Exercise description:
Nothing should appear in the answer except the lines from the one with "Cycling Cyclepath cyclists" through the end of the listing below, transcribed exactly and without pictures.

*** Opening Dataset extract ***

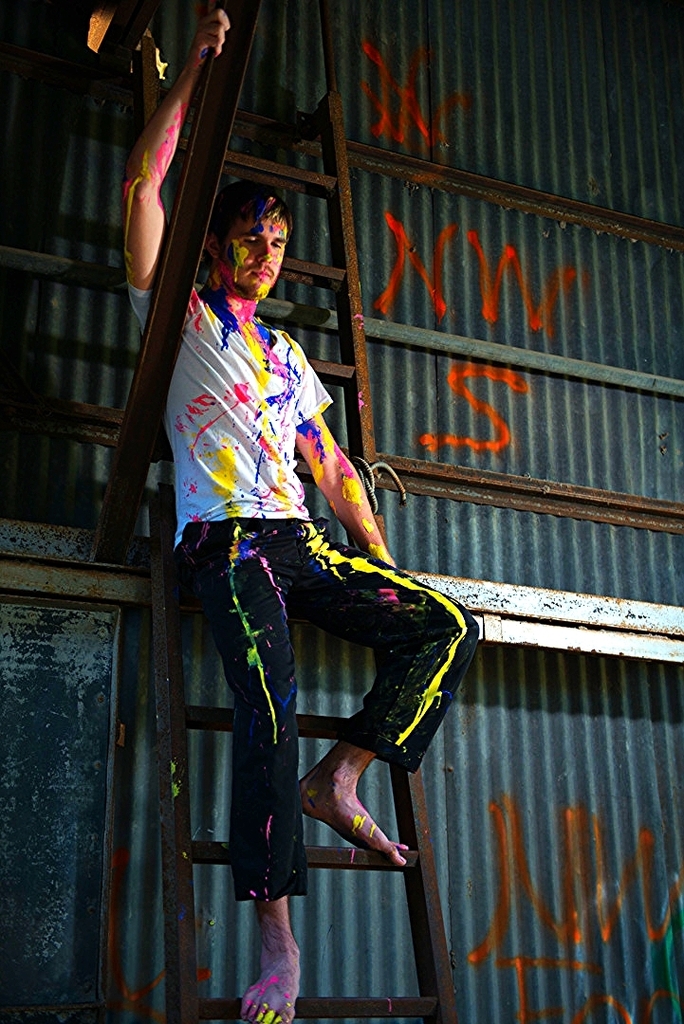 Male model photo shoot of Sharp_Holland by BJ-Miller in Abandoned Warehouse in North Dallas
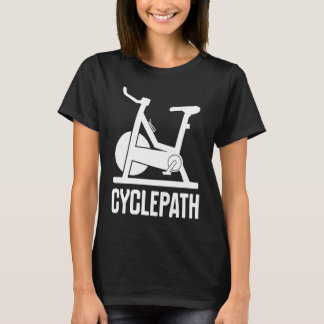 Cycling Cyclepath cyclists gym instructors T-Shirt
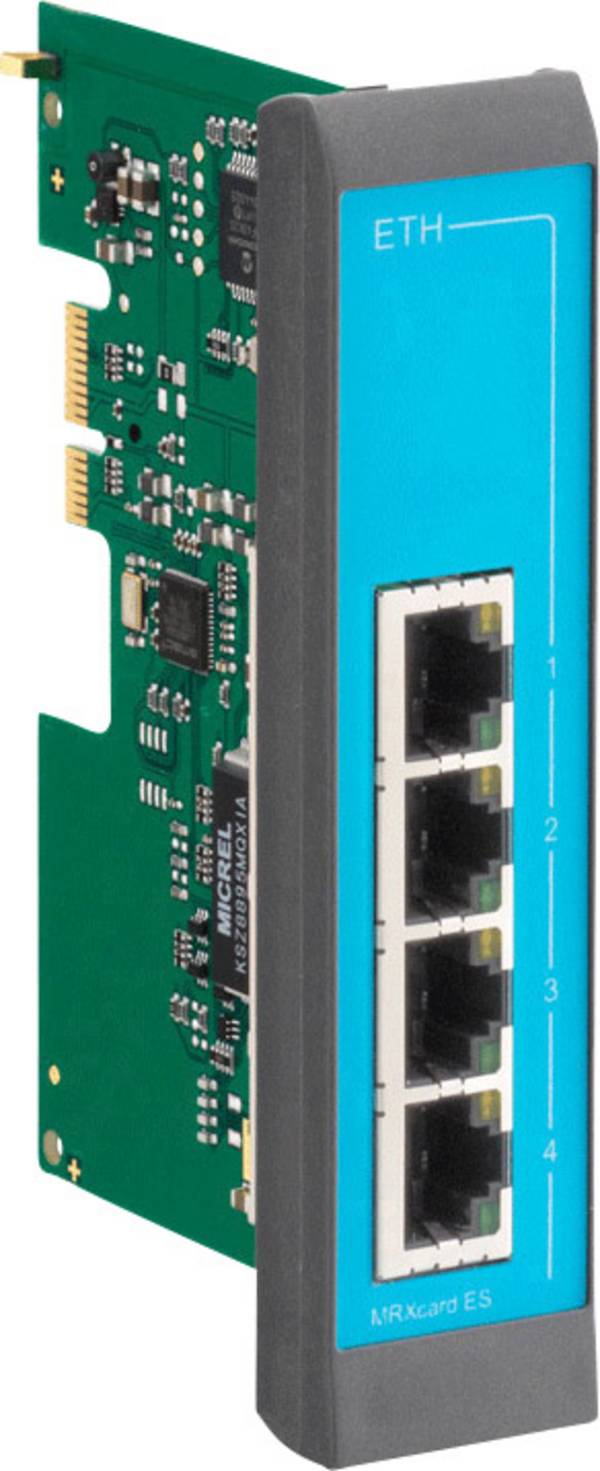 INSYS MRcard ES - Switch - 4 x 10/100 - Plugin-Modul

*** Closing Dataset extract ***

Your solution:
 Cycling Cyclepath cyclists gym instructors T-Shirt
 INSYS MRcard ES - Switch - 4 x 10/100 - Plugin-Modul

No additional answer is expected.